People v Womack |
2019 NY Slip Op 04232 |
Decided on May 30, 2019 |
Appellate Division, Third Department |
Published by New York State Law Reporting Bureau pursuant to Judiciary Law § 431. |
This opinion is uncorrected and subject to revision before publication in the Official Reports. |
Decided and Entered: May 30, 2019
108680
v
KEANNA WOMACK, Appellant.
Calendar Date: April 22, 2019
Before: Egan Jr., J.P., Mulvey, Devine, Aarons and Rumsey, JJ.
Jacob A. Vredenburgh, Wynantskill, for appellant.
Robert M. Carney, District Attorney, Schenectady (Peter H. Willis of counsel), for respondent.
MEMORANDUM AND ORDER
Devine, J.
Appeal from a judgment of the County Court of Schenectady County (Murphy III, J.), rendered January 11, 2016, convicting defendant upon her plea of guilty of the crimes of assault in the second degree and attempted criminal possession of a controlled substance in the third degree.

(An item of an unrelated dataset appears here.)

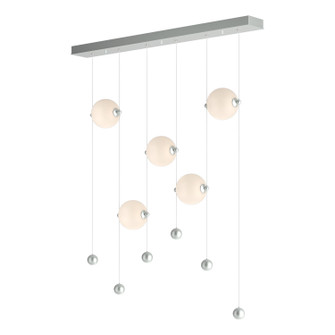 Abacus Abacus 5-Light LED Pendant in Vintage Platinum (39|139050-LED-STND-82-GG0668)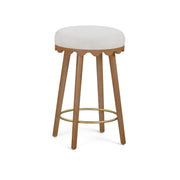 Oodle Performance Vegan Mohair Bar and Counter Stool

Following a traffic stop, defendant was arrested and transported to the police station and, while attempting to conceal a bag of heroin, she exposed one of the arresting officers to its contents, necessitating that he receive medical care. Defendant was charged in a nine-count indictment with assault in the second degree, tampering with physical evidence and various drug-related crimes. In satisfaction of all charges, defendant pleaded guilty to assault in the second degree and to the reduced charge of attempted criminal possession of a controlled substance in the third degree, pursuant to a plea agreement that included a waiver of appeal. Consistent with the terms of the plea agreement, County Court sentenced defendant, as a second felony offender, to concurrent prison terms, the maximum of which is three years to be followed by five years of postrelease supervision. Defendant appeals.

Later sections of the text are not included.